İlk derece mahkemesince davanın kabulüne ilişkin olarak verilen karara karşı,taraf vekilleri tarafından yapılan istinaf başvurusunun … Bölge Adliye Mahkemesi 5. Hukuk Dairesince esastan reddine karar verilmiş olup; hüküm, taraf vekillerince temyiz edilmiştir.

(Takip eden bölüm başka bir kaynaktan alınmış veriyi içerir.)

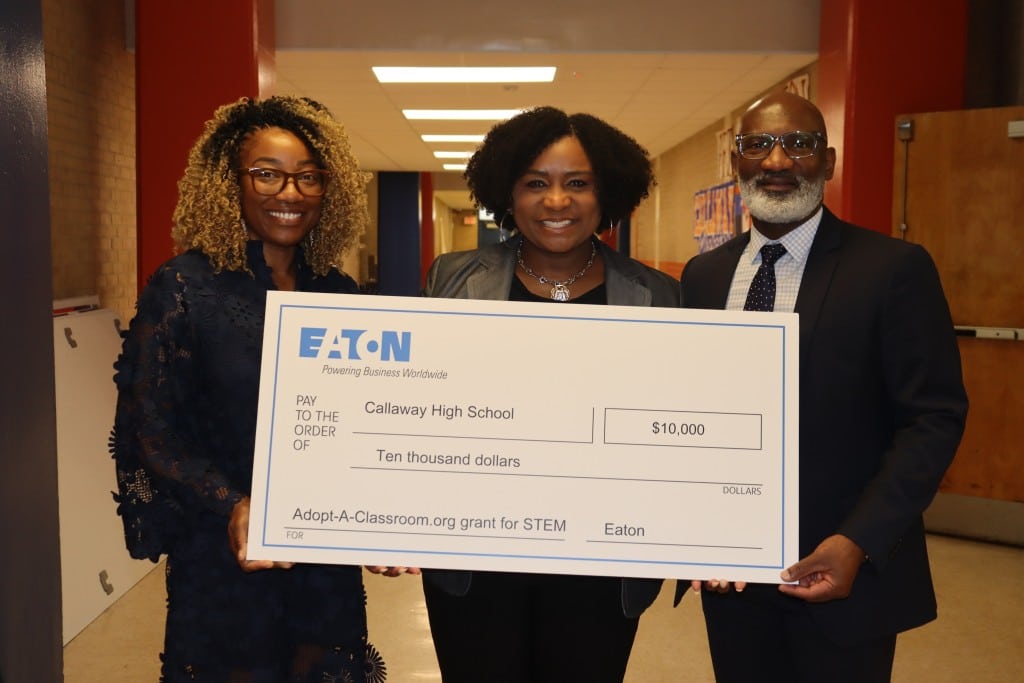Eaton surprises Callaway High School with $10,000 donation to support STEM education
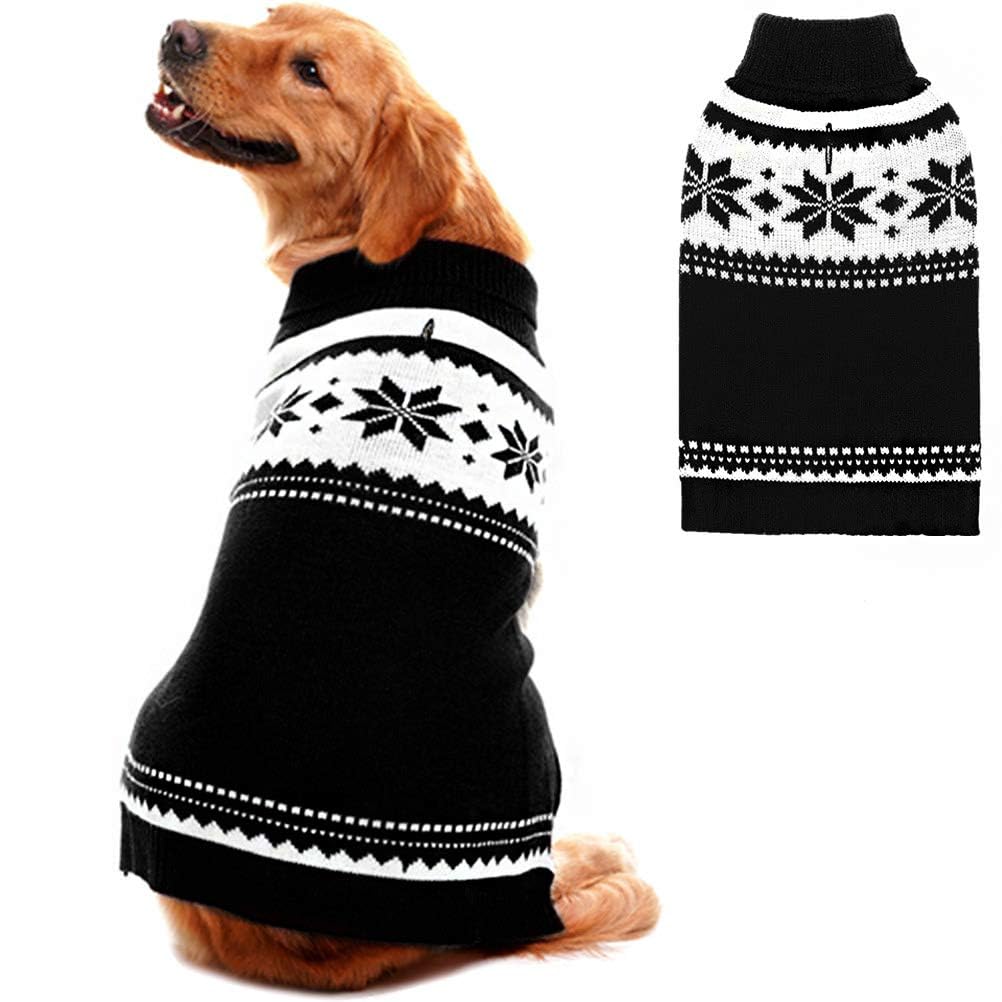 Mihachi dog sweater front view with colorful stripes showing warm soft knit for chilly walks.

Aşağıda açıklanan gerekçelerle … Bölge Adliye Mahkemesi 5. Hukuk Dairesinin istinaf başvurusunun esastan ret kararı kaldırıldıktan sonra … 3. Asliye Hukuk Mahkemesinin 2016/84 Esas – 2018/463 Karar sayılı kararının incelenmesinde;
Bilirkişi incelemesi yaptırılmıştır. Alınan raporlar hüküm kurmaya elverişli değildir. Şöyle ki;
Arsa niteliğindeki … İli, … İlçesi, … Mahallesi, 2424 ada 5 parsel sayılı taşınmaza emsal karşılaştırması yapılarak değerinin belirlenmesinde yöntem itibariyle bir isabetsizlik görülmemiştir. Ancak;
Dava konusu taşınmaz ile somut emsal taşınmazın değerlendirme tarihlerindeki Arsa Metrekare Rayiç Bedeli Takdir Komisyonu tarafından re’sen belirlenen emlak vergisine esas olan m² değerleri ilgili Belediye Başkanlığı Emlak Müdürlüğünden getirtilip, dava konusu taşınmazın değerlendirme tarihi itibariyle; hükme esas alınan bilirkişi raporunda somut emsal kabul edilen taşınmazın ise bilirkişilerce değerlendirmeye esas alınan satış tarihi itibariyle fiili imar uygulaması sonucu oluşan imar parselleri mi, yoksa imar planına dahil olmakla birlikte olduğu gibi bırakılan kadastro parselleri mi oldukları ilgili Belediye İmar Müdürlüğü ile Tapu Müdürlüğünden ayrı ayrı sorulup, alınacak cevaplara göre bilirkişi kurulu raporu denetlenmeden hüküm kurulması doğru olmadığı gibi; 20.09.2016 tarihli ilk bilirkişi raporunda taşınmazın metrekaresine 8.000,00-TL bedel belirlendiği , hükme esas alınan 30.01.2017 tarihli ikinci raporda aynı değerlendirme tarihi itibariyle 17.500,00-TL metrekare bedeli tespit edildiği, 29.06.2018 tarihli üçüncü bilirkişi raporunda ise taşınmazın metrekaresine 15.500,00-TL bedel belirlendiği ve böylece aynı emsallerle yapılan kıyaslama neticesinde alınan üç ayrı rapordaki bedelin birbirinden farklı olduğu dikkate alındığında bilirkişi raporları inandırıcılıktan uzak olup geçerli değildir.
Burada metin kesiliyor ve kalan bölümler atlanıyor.